Vladmir Putin and his cronies have got up to some dastardly things in the last few years, ranging from Novichok poisonings to the annexation of Crimea, before finally launching the full-scale invasion of Ukraine earlier this year.
Facing a raft of sanctions in response, the Russian leader has now hatched a plan to overcome one embargo that is clearly being felt keenly in the Kremlin: the ban on Scotch whisky exports.
According to the Daily Record, Putin has approved a deal for ‘parallel imports’ of whisky to take place, enabling goods to be smuggled into the country without the manufacturer or licence holder knowing. This will include brands like Bell’s, Johnnie Walker and Macallan, Black & White, White Horse, Lagavulin, Bowmore, Aberlour and Auchentoshan.
These brands were all readily available in Russia before the invasion, so their absence is clearly being keenly felt.
It is perhaps worth musing that this means cask whisky investment is something you can do while all those super-rich oligarchs can’t even get their hands on a single bottle of it just now.
Putin’s plan is to try to get the whisky and other goods subject to bans into Russia via those nations still trading openly with them, including China, India and Turkey.
Of course, the wider impact of the war, especially on global oil and gas prices as well as the agricultural products Ukraine contributes so much to, has hit the world economy badly. But while there may be much trouble and turbulence now, the long-term prospects for whisky remain strong.

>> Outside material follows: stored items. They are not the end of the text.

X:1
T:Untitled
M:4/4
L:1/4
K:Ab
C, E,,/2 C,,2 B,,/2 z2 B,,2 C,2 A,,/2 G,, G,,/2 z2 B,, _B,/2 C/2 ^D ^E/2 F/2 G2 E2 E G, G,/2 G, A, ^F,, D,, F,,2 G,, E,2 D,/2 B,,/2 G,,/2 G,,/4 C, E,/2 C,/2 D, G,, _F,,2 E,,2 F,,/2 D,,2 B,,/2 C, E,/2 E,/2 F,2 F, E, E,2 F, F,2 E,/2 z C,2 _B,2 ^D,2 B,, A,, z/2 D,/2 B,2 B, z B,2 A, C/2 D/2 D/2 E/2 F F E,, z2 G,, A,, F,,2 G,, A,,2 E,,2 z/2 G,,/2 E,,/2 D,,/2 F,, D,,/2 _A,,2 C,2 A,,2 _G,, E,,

Indeed, Marketwatch has published a study highlighting the projected growth of the malt whisky market, predicting major expansion in the next six years.
By 2028, one hopes, Putin will be long gone and its incursion into Ukraine both repelled and consigned to the history books. Come that time, it could that be Russia is under new leadership and able to buy whisky legitimately. But it will be in a global market for Scotch that is poised to go from strength to strength.